EXERCISE >> For the data below, give again exactly the lines from the one containing "PINE STREET, Pine River, WI 54965" through the one containing "Chardonnay grape vines", both ends included, and no others.

RECORDS FOR PROCESSING >>
####
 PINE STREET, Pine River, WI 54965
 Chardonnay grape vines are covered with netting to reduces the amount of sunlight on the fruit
####
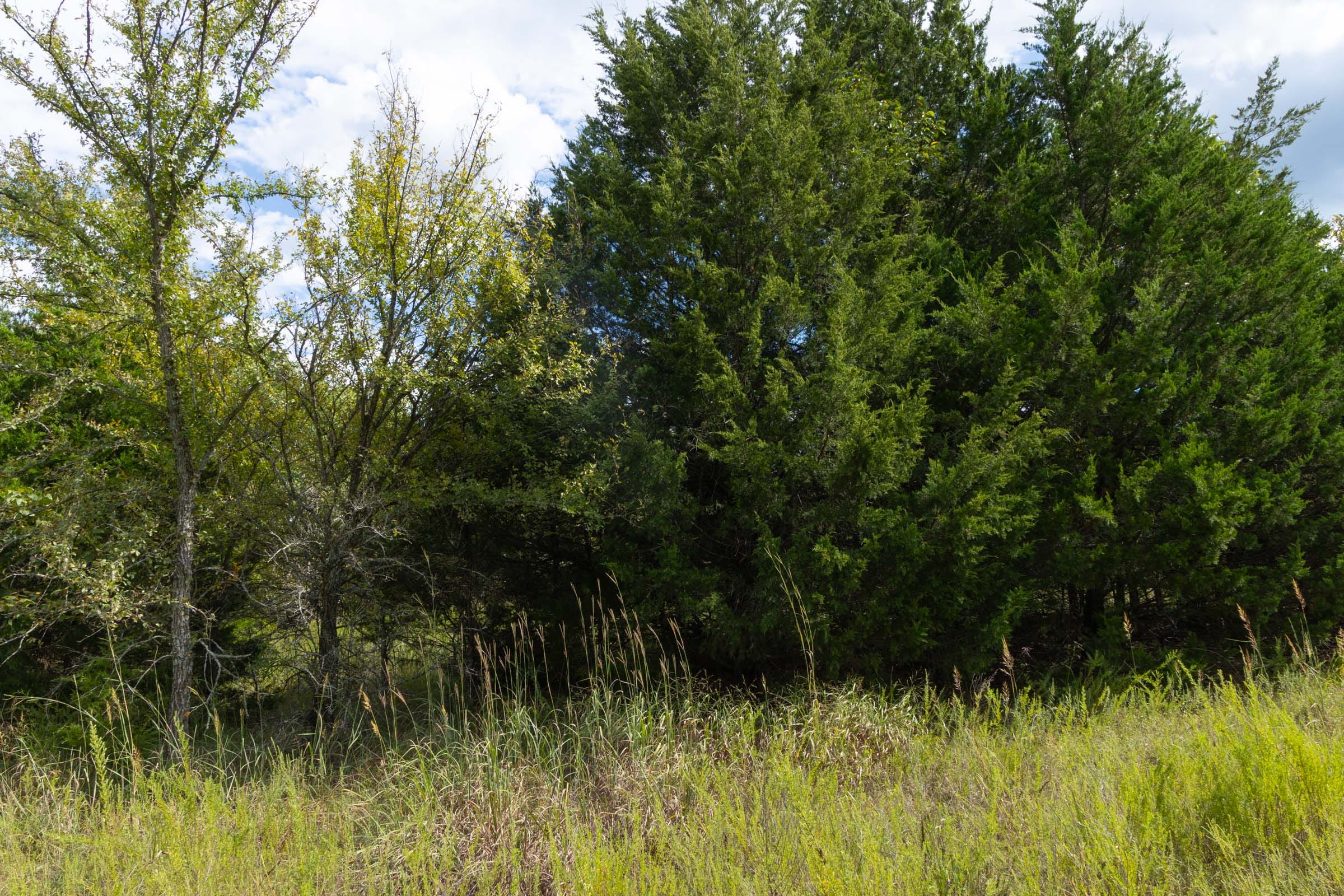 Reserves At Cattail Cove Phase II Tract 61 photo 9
####
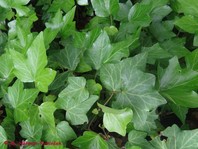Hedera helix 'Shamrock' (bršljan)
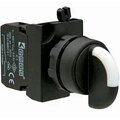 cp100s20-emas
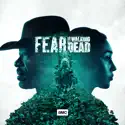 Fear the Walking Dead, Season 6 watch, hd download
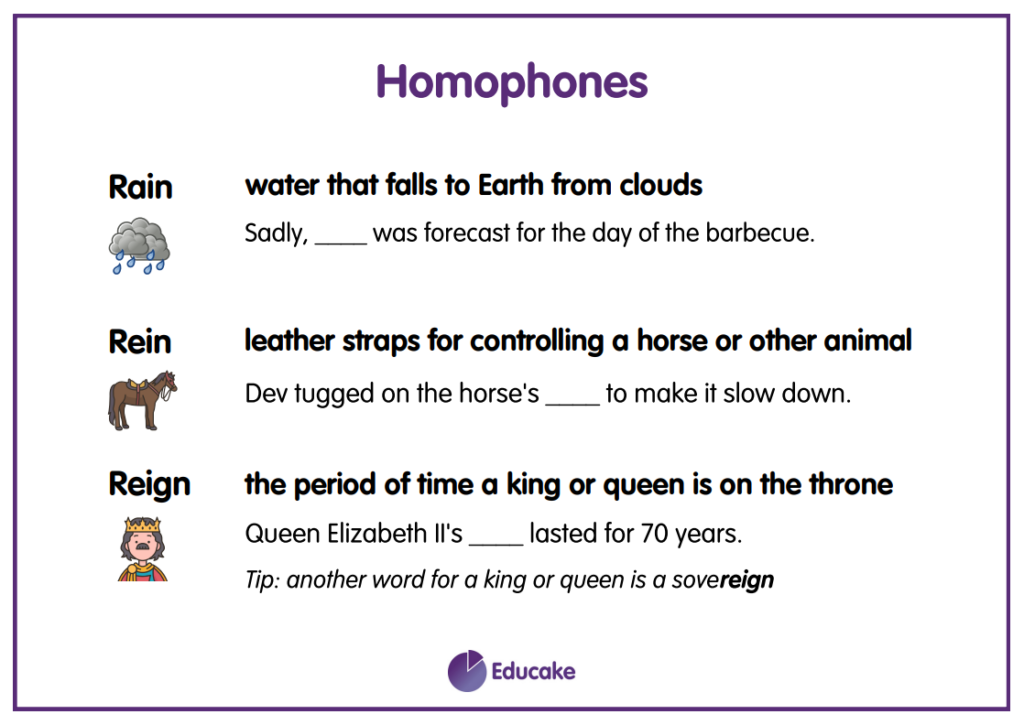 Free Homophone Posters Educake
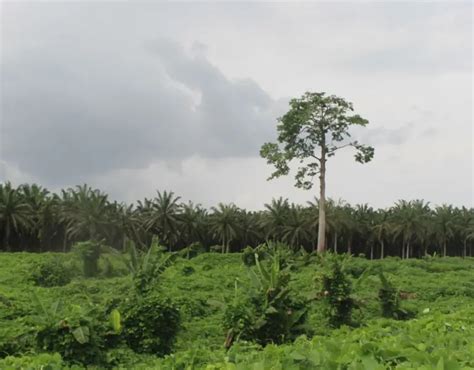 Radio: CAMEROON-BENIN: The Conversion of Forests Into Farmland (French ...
####
ANSWER TO THE PROBLEM >>
 PINE STREET, Pine River, WI 54965
 Chardonnay grape vines are covered with netting to reduces the amount of sunlight on the fruit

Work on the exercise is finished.